I had left a peaceful community of Christian souls, most of them doing their duty in life more or less successfully, a few of them refusing or shirking their responsibilities, and some behaving really badly.
I returned to find a population of whom practically all were members of committees, all competing for chairmanships and secretaryships, and nearly all imbued with an acrid jealousy of each other. Bee-hives and even gardens were being neglected in this new enthusiasm for the redemption of everybody by the formation of committees, and envy, hatred, malice and all uncharitableness stalked the parish in the wake of poor Snape, just as though he had been some emissary of that Potentate of the Manicheans to whose destruction he had devoted his harmless, ineffectual life. Even in the public-house I found that the old academic discussions about prices in the local markets, and their influence on Imperial stability, had given place to acrimonious wrangles as to the personality and conduct of competitors for prominence in the new hierarchy of committees.

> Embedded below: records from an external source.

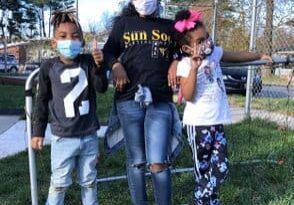 A woman and two children wearing masks posing for the camera.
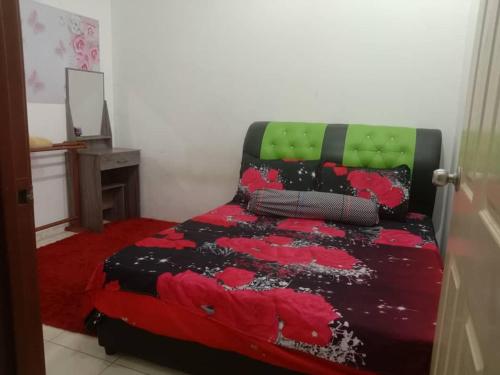 Ένα ή περισσότερα κρεβάτια σε δωμάτιο στο Sinakhan Homestay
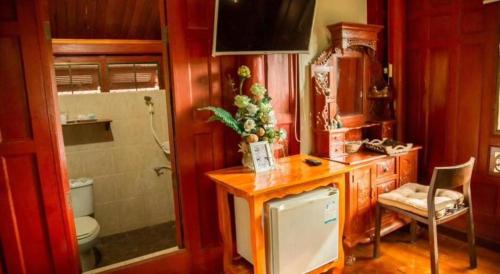 a bathroom with a sink and a toilet and a counter at Doembang Villa in Ban Tha Pong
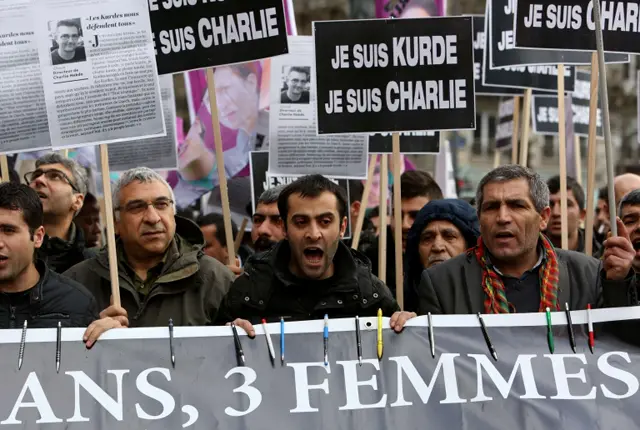جمعی از کرد‌های پاریس روی پلاکارد نوشته‌اند 'من شارلی ابدو هستم، من کرد هستم'. همچنین روی پلاکارد (پایین) نوشته شده 'سه سال پیش سکینه، فیدان و لیلا [سه فعال کرد] کشته شدند و حالا شارلی ابدو'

The publican said to me, “I’m selling less beer and more whisky, sir. I’m making a bit extra, but I don’t like it. They’d be better on beer and the old-fashioned doctrines, and we’d all be more comfortable. Whisky makes them quarrelsome, and the new teetotallers as comes in for ginger is mostly rancorous, sir. They says things as I won’t have said to me or my missus in my bar. And your reverence knows how my house has been conducted ever since you was here.”
I departed, leaving my verbal certificate as to his conduct, and pondering over his word “rancorous.” It was the just word. It described exactly the new spirit that I had to combat in my parish. It appeared to me that christianity had had a definite set-back in the village.